### DATA PROVIDED
---+---
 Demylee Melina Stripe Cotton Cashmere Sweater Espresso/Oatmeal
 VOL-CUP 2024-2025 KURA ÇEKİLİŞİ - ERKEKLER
---+---
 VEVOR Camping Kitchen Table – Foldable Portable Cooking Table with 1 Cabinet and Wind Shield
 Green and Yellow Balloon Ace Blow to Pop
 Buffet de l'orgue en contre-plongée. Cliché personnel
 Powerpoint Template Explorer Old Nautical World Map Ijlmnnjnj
---+---
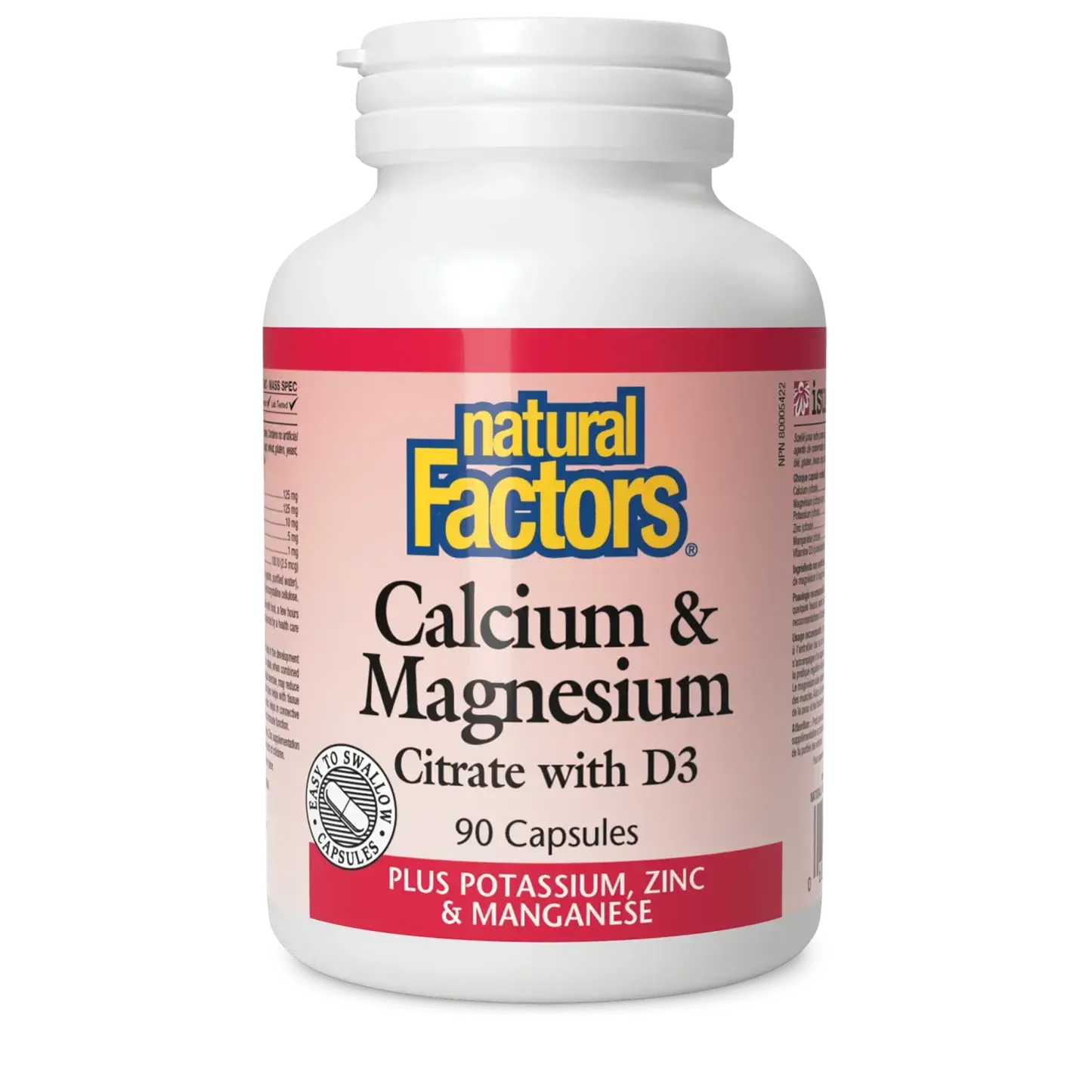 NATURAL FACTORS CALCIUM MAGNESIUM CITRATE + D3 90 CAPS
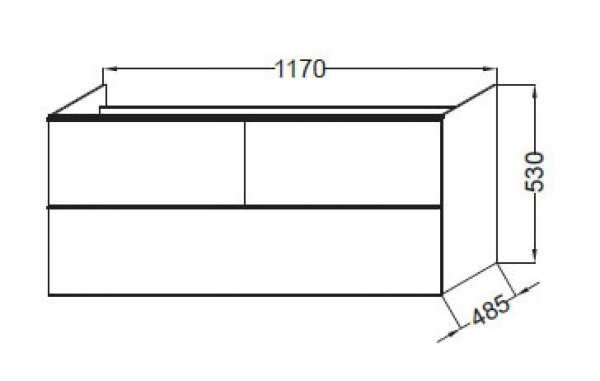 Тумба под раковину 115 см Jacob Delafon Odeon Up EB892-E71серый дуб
---+---
### WHAT TO PRODUCE
Word for word, restate the lines of the listing above starting at the line with "Demylee Melina Stripe" and ending at the line with "VOL-CUP 2024-2025 KURA ÇEKİLİŞİ - ERKEKLER", and nothing outside them.

### TASK OUTPUT
 Demylee Melina Stripe Cotton Cashmere Sweater Espresso/Oatmeal
 VOL-CUP 2024-2025 KURA ÇEKİLİŞİ - ERKEKLER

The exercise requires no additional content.